Figure 6. A subset of immune-based biomarkers is associated with mortality in COVID-19 patients in multivariable analyses.

Shown are forest plots and adjusted HRs (aHRs) of all 66 tested biomarkers and their association with mortality during COVID-19 by multivariable analysis, irrespective of when the first sample was collected relative to the hospital admission when adjusting for (left panel) the time of sample collection relative to hospital admission or (right panel) the time of sample collection relative to hospital admission with age, chronic kidney disease, and receipt of immunomodulatory medications. For biomarkers significantly associated with mortality (i.e., q < 0.025), aHR CIs are shown in red.

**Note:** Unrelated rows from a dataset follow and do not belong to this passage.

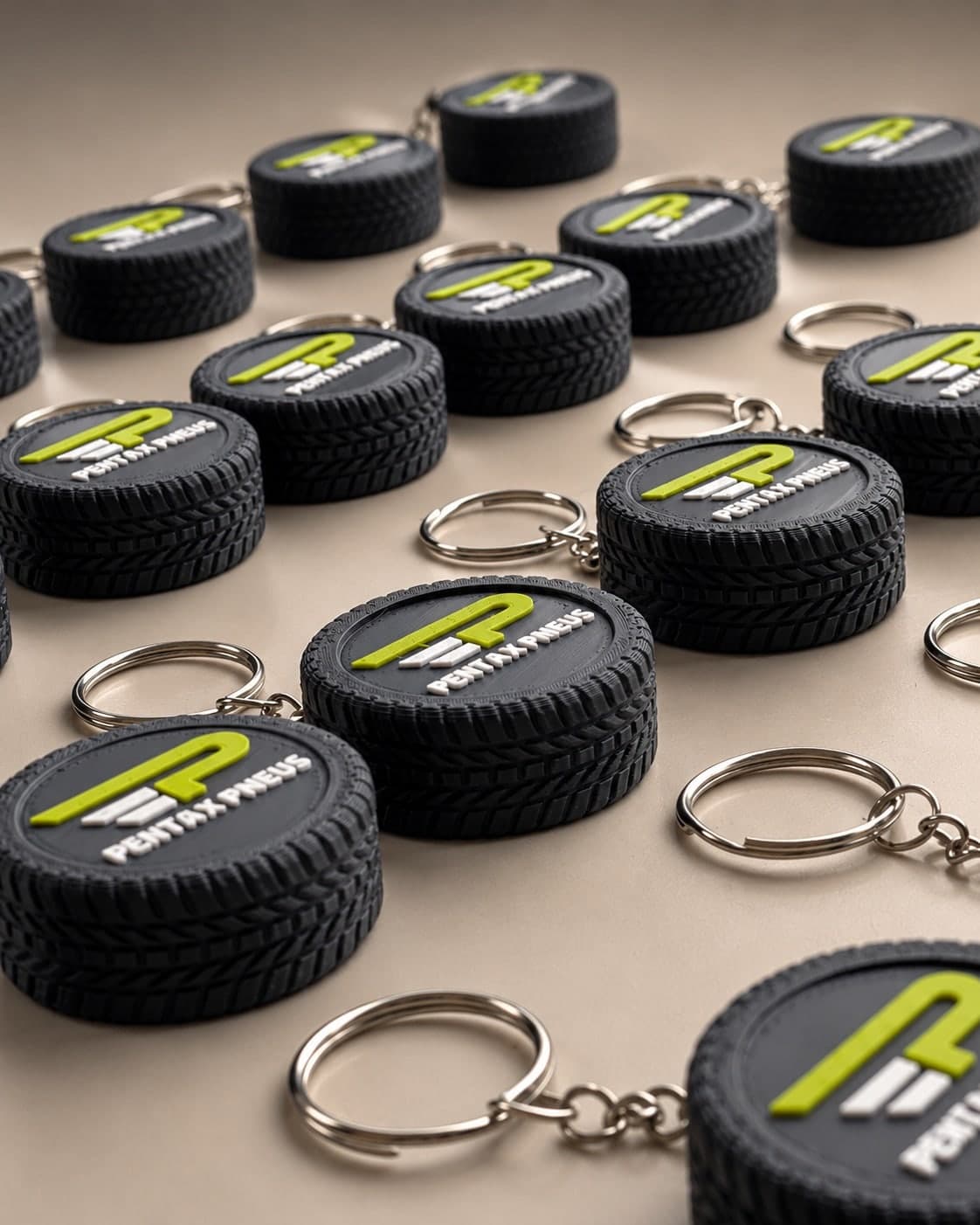 Chaveiros em formato de pneu preto, com logo verde-limão e branco no centro, enfileirados sobre uma mesa clara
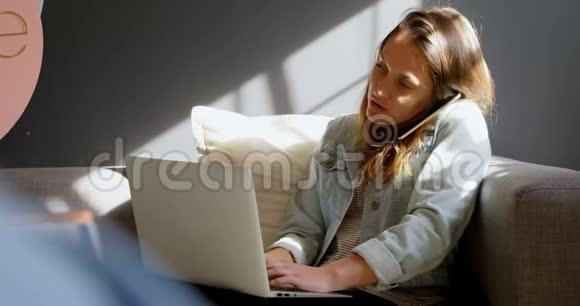 女性珠宝设计师在使用笔记本电脑4k时使用手机视频的预览图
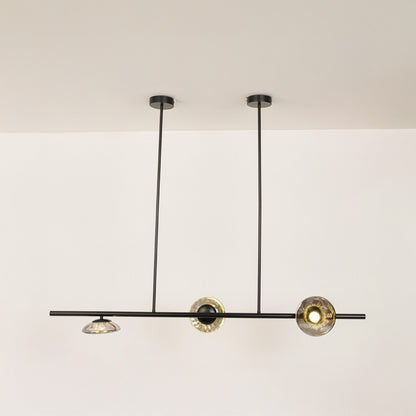 Black metal linear chandelier with circular glass accents designed for sleek modern ceiling lighting in contemporary interiors.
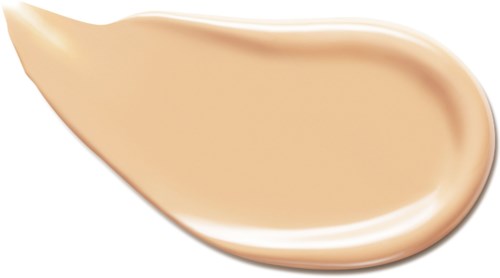 En beige farget væske eller krem med glatt tekstur, formet som en tåre eller bøyd form.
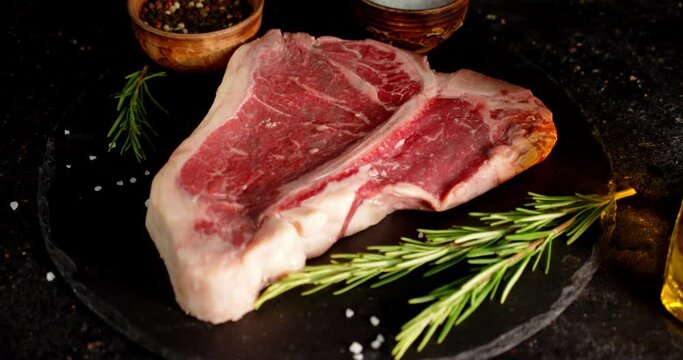 Steak raw beef t-bone on a stone board with spices.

Figure 7. Association between the longitudinal trajectory of biomarkers and the risk of death after COVID-19.

Shown are forest plots of the immune-based biomarkers (n = 66) whose longitudinal trajectories were significantly associated with increased patient mortality after controlling the FDR irrespective of when the first sample was collected relative to the hospital admission. aHR CIs for biomarkers significantly associated with mortality (i.e., q < 0.025) are shown in red when aHR > 1 and in blue when aHR < 1. aHR CIs for biomarkers with q > 0.025 are shown in black.

Figure 8. sTNFRSF1A, sST2, IL-10, and IL-15 may differentiate between survivors and patients who succumb to COVID-19 throughout the entire hospitalization.

Shown are loess-smoothed means with 95% CIs (shaded intervals) of sTNFRSF1A, sST2, IL-10, and IL-15 concentration throughout the hospitalization in patients with COVID-19 who survived or succumbed to the infection (n = 175). All biomarker concentrations are in pg/mL.